Australia’s second-largest pastoral property, Clifton Hills in SA, changed hands last year, just in time for the bounty of a floodwater season.
Story + Photos Georgie Mann
The air is sweet at Clifton Hills station this season. Floodwaters have delivered riches and thousands of hectares of Channel Country floodplains have burst to life. Cattle graze in feed up to their bellies, wildflowers paint the landscape an intoxicating palette of colours and channelled watercourses weave their way through a flourishing tapestry of lush green abundance. Birds sing and the distant whirr of a chopper can be heard as it musters yet another paddock of fattened bullocks to the yards.
“It’s God’s own country up here, aye,” grins station manager Pete Nunn, as he rides back into the stock camp on dusk, and unsaddles his horse. “A season like this is the stuff Channel Country dreams are made of.”

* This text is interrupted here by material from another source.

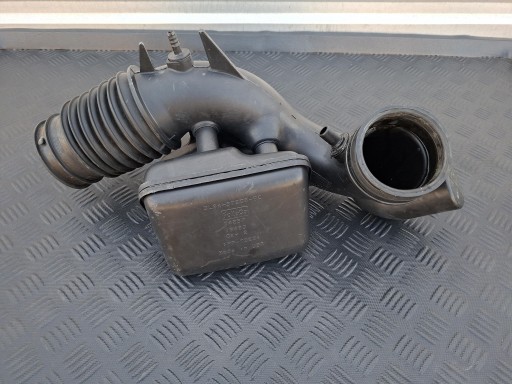 REZONATOR DOLOT Schlauch rohr luft FORD F150 12 XII XLT 09-14 5.0 V8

It was just last November that Clifton Hills station, Australia’s second-largest pastoral grazing property, located 200km south of Birdsville in the north-east corner of South Australia, changed hands for the first time in nearly 50 years. Tightly held by a South Australian family consortium since 1968, it was bought on a walk-in, walk-out basis by renowned Central Australian cattlemen Viv Oldfield and Donny Costello under their expanding Crown Point Pastoral Co partnership.

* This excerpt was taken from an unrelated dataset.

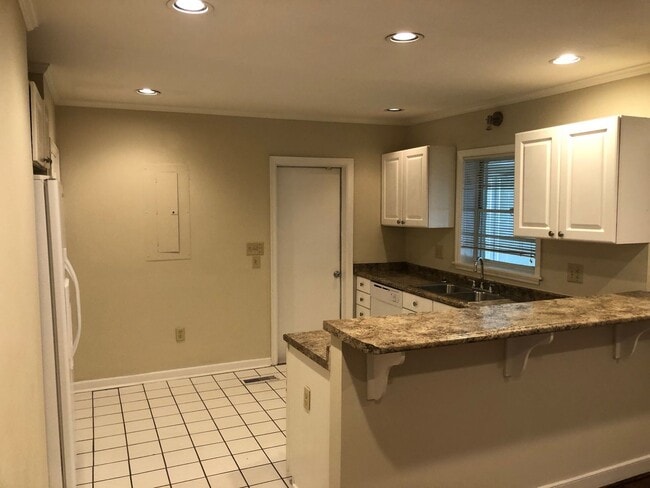 Building Photo - Great Emory Area Rental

Championed and sold as the “Jewel of the Channel Country”, less than six months into the new tenure Clifton Hills received its largest flood since 1974. It was a bittersweet gift from northern Queensland’s devastating floods, injecting new life into a desperately dry landscape and delivering an extraordinary maiden season for the station’s new owners.

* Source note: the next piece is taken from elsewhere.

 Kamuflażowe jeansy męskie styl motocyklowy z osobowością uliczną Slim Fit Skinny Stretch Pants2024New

Clifton Hills stretches over a whopping 16,510sq km and covers a large portion of the fabled Channel Country. Three of the main Channel rivers – the Diamantina, Georgina and Cooper – flow through the station. Floodwaters sprawl over the iconic Goyder Lagoon, a 2500sq km gem, right at its heart. The lagoon, a heady expanse of endless green, has become a luscious food bowl, where ‘Diamantina Lucerne’ grows waist high.
But then it stops. The floodwater line carves a stark contrast between feast and famine. Beyond the line, the dust blows.